In Gore, on the insignificant Highway 94, comes a sudden special moment of happiness. We’re driving towards the town. Horses in mud-splashed blue coats lift their heads momentarily. A small industrial estate passes by the windows, silos and warehouses, whitewashed and riddled with rust. Two teenagers are hanging around in the draughty entrance to a vacant building bearing the faded name of "Atomic Café". A nucleus white on a black background, the outlines of a circling electron. An agricultural machine park. A picturesquely abandoned factory building. A row of severely weathered wooden houses with the typical large signs and canopies over the entrances. In the middle: a shop painted baby blue, brightly lit inside, stuffed full of colourful tins and tubes. The man behind the counter, sitting on a stool with his arms folded, looks outside expressionlessly, with a vacant look, his dark face furrowed.

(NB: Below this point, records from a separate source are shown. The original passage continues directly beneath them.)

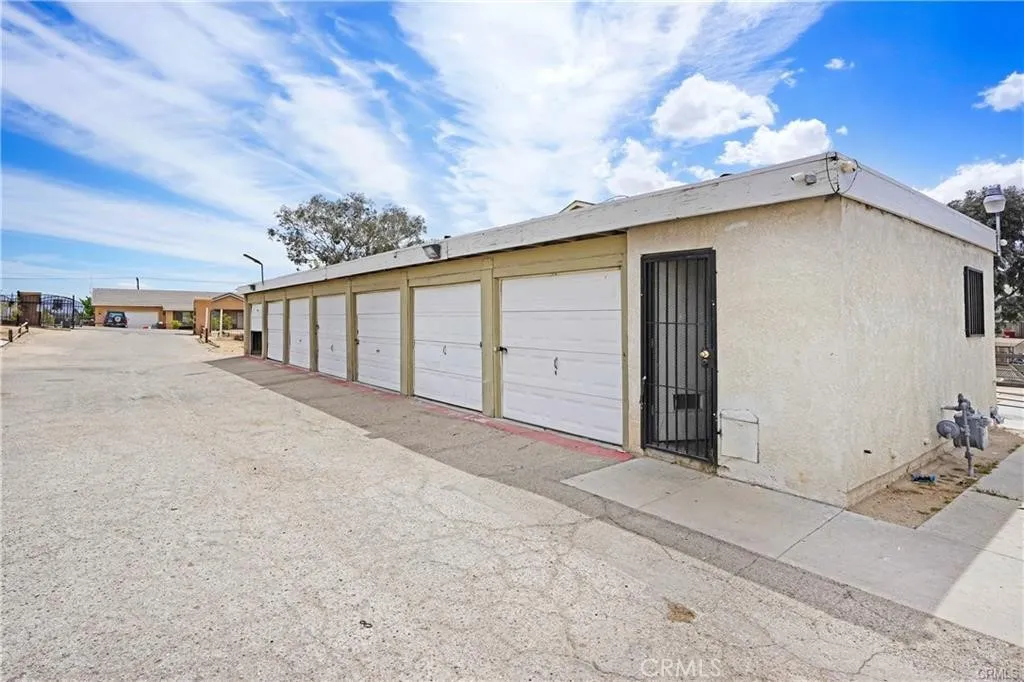 main property photo 14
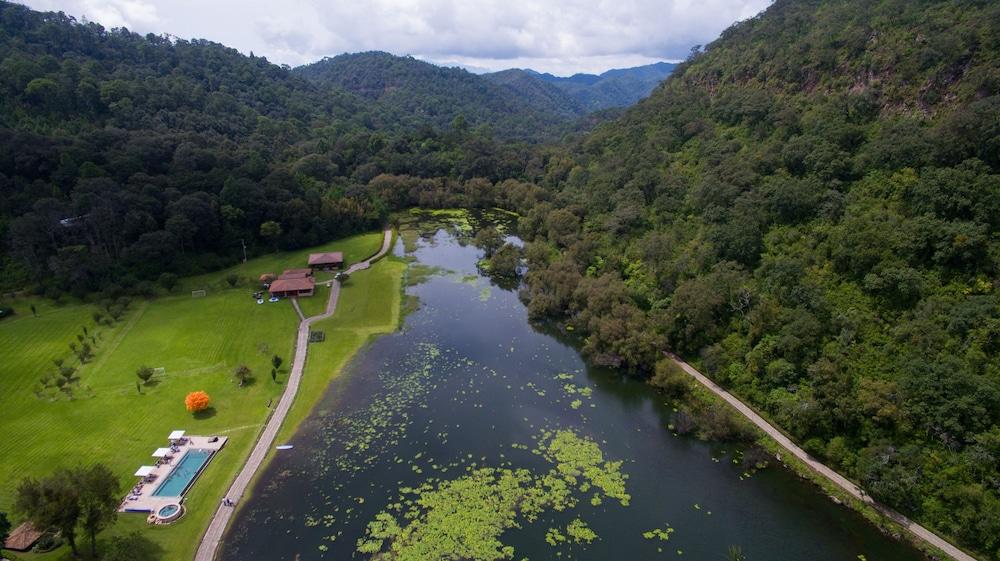 سييرا لاجو ريزورت آند سبا - بسعر شامل جميع الخدمات منظر من الجو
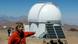 Takashi Miyata, profesor asociado de la Universidad de Tokio, señala las instalaciones del observatorio astronómico. Takashi Miyata, profesor asociado de la Universidad de Tokio, señala las instalaciones del observatorio astronómico.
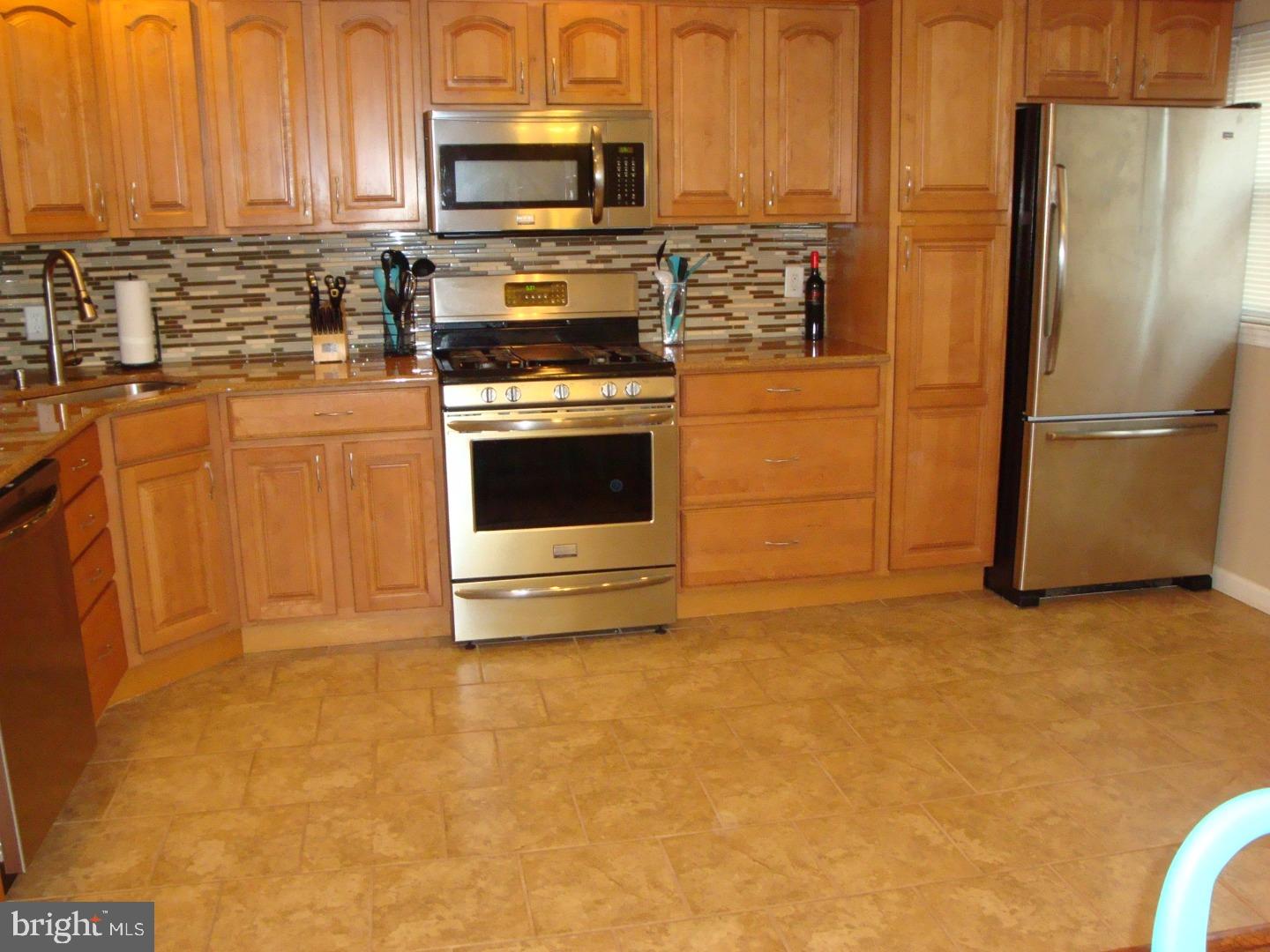 10830 East Keswick Road Philadelphia, PA 19154 - Photo 7 of 21 Kitchen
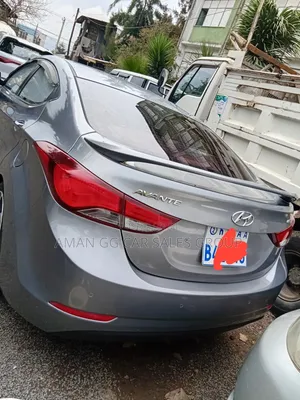 Hyundai Avante 2015 Gray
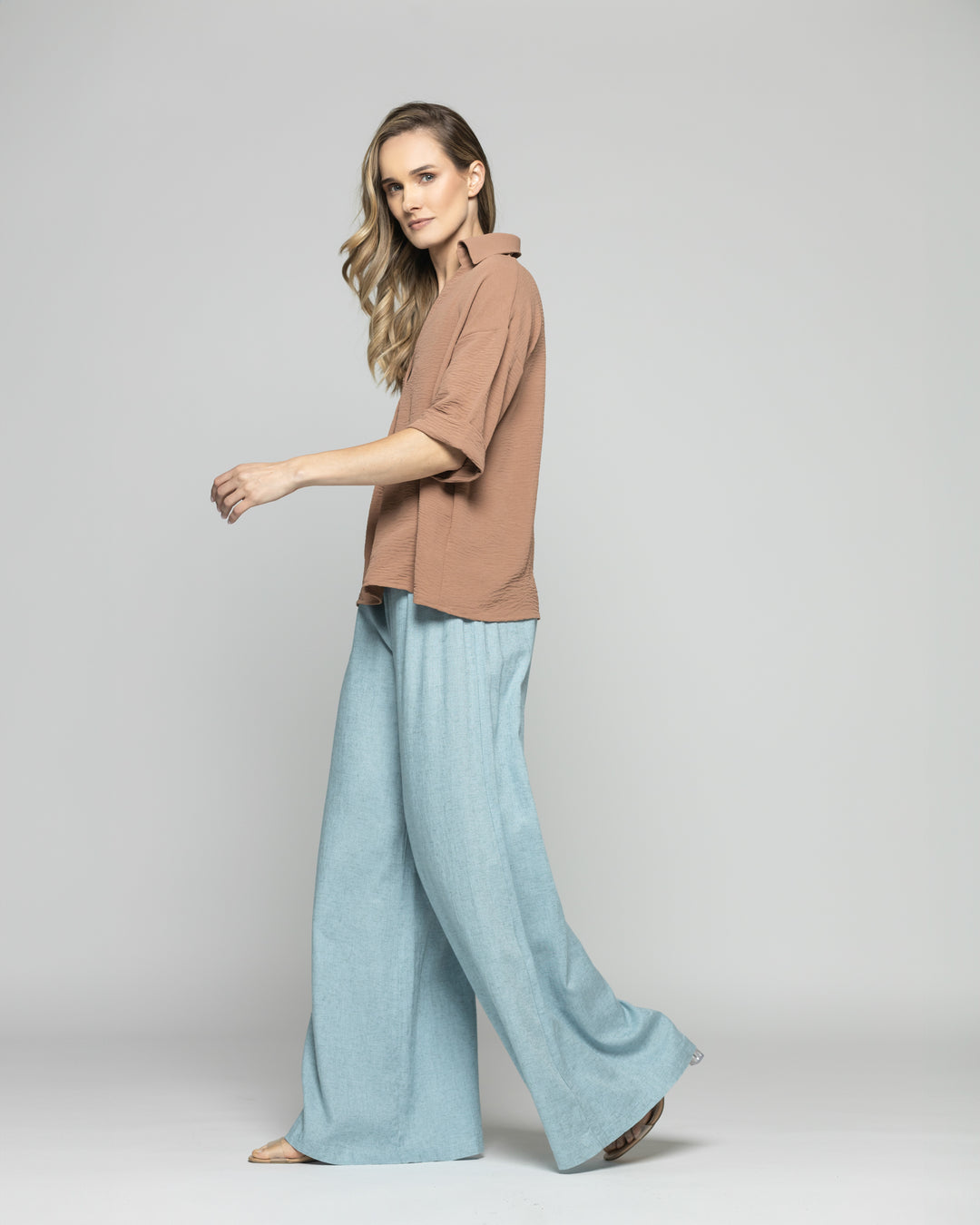 Blusa Mujer Gaura Escote V Con Cuello Media Manga Café Moka Ludovica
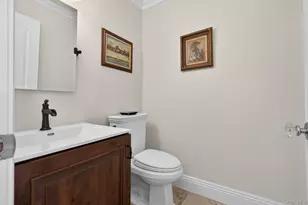 211 Barton Ave, Melville, NY 11747 - Photo 11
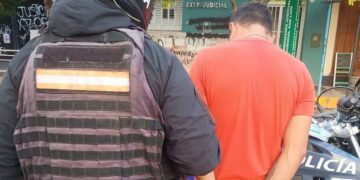 Demoraron a un hombre que realizaba tareas de “trapito” y le exigía dinero a los automovilistas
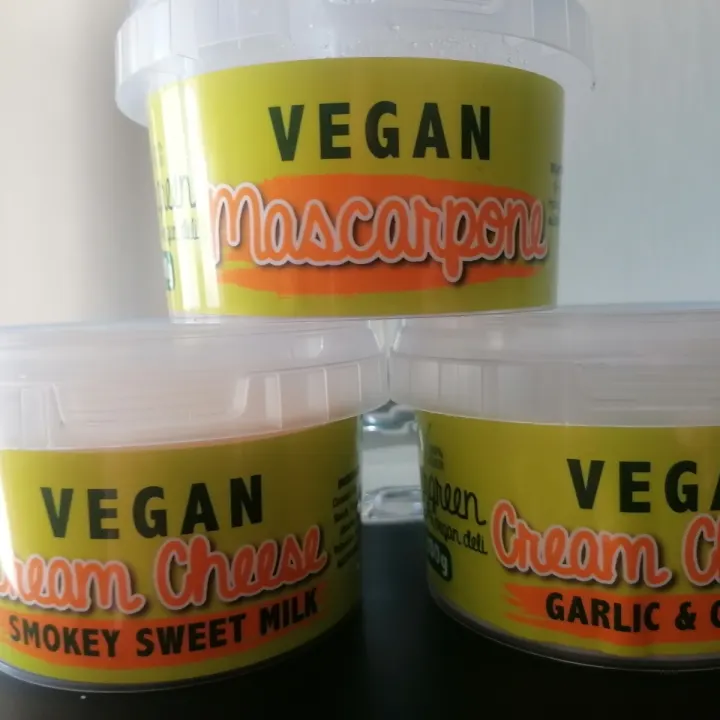 photo of Evergreen Vegan Deli Cheese Spread shared by @jeandrek on  12 Mar 2023 - review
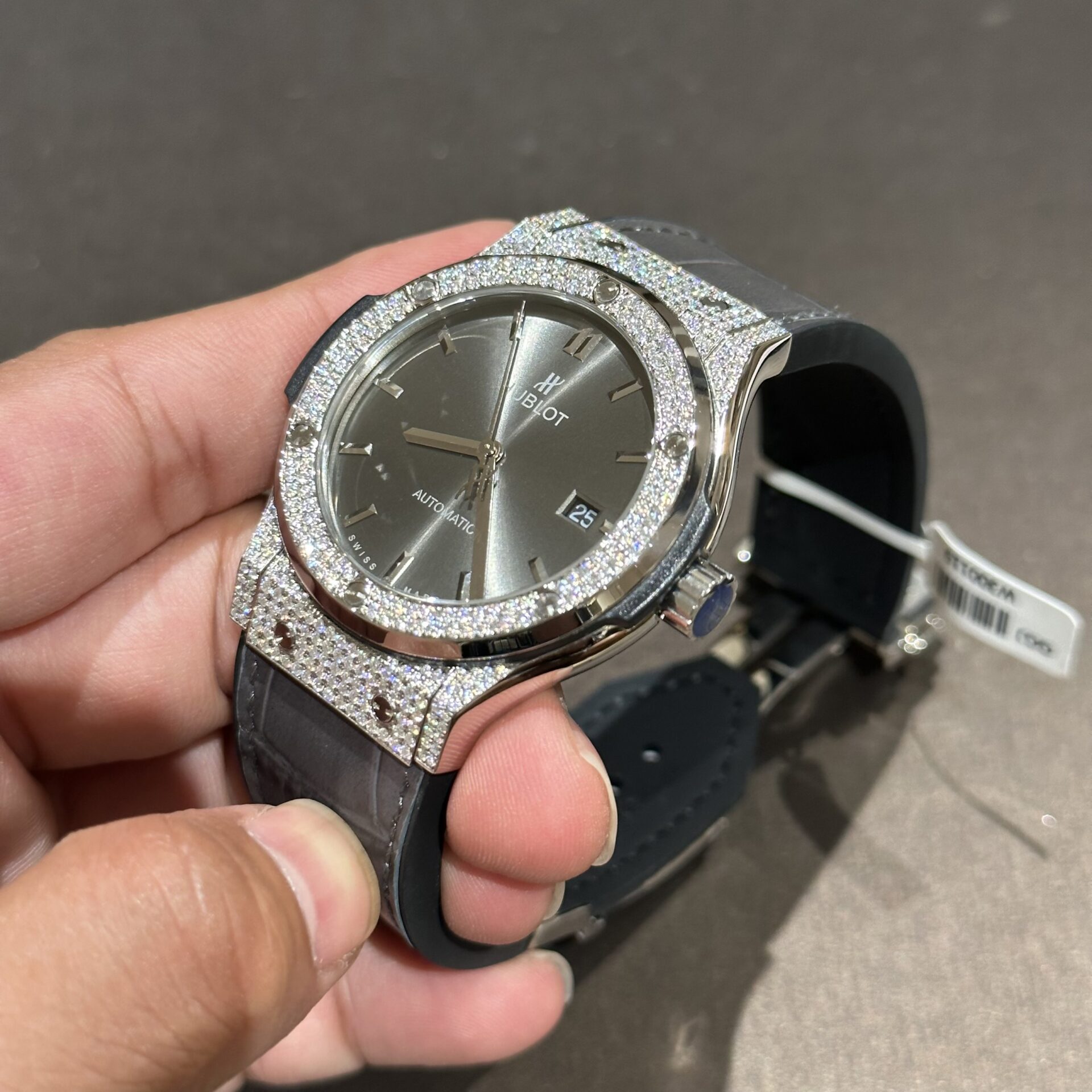 Hublot Replica Watch With Full Diamond Moissanite Diamonds Gray Dial Leather Strap 42mm - Image 4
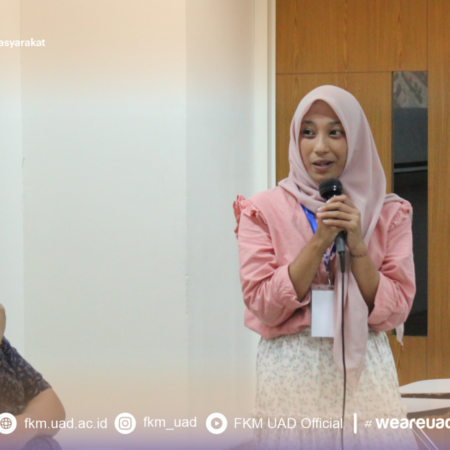 Antusias peserta dalam mengikuti kegiatan Sehari Menjadi Dahlan Muda Antusias peserta dalam mengikuti kegiatan Sehari Menjadi Dahlan Muda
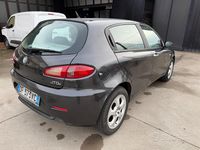 Usata Alfa Romeo 147 119 CV (87 kW) 2007 Grigio Utilitaria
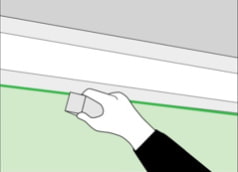 Pemasangan papan skirting di siling regangan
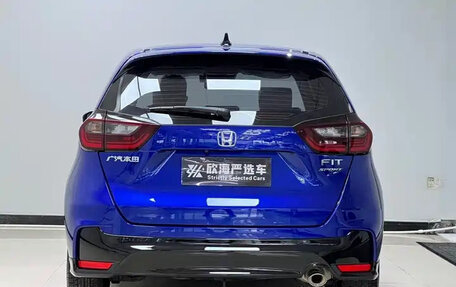 Honda Fit, 2022 год, 1 030 000 рублей, 5 фотография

After two days of tourism highlights I suddenly realize how much I’ve missed being in places that aren’t under the surveillance of countless eyes. Places that only mean something to the people who live there, and perhaps not even to them.
I haven’t yet found out why I’ve been making so many comparisons between the worlds in my time here, much more than on any other trip. Is it because I’m writing about it? Or because everything here is different, but then again not? The cool, rainy South with its herds of animals and crooked, romantic wooden fences reminds me of Scotland or the Pyrenees. And when we’re driving through this very land and spot a pile of fodder covered over with a tarpaulin and old tyres, my brain instantly signalizes: Brandenburg.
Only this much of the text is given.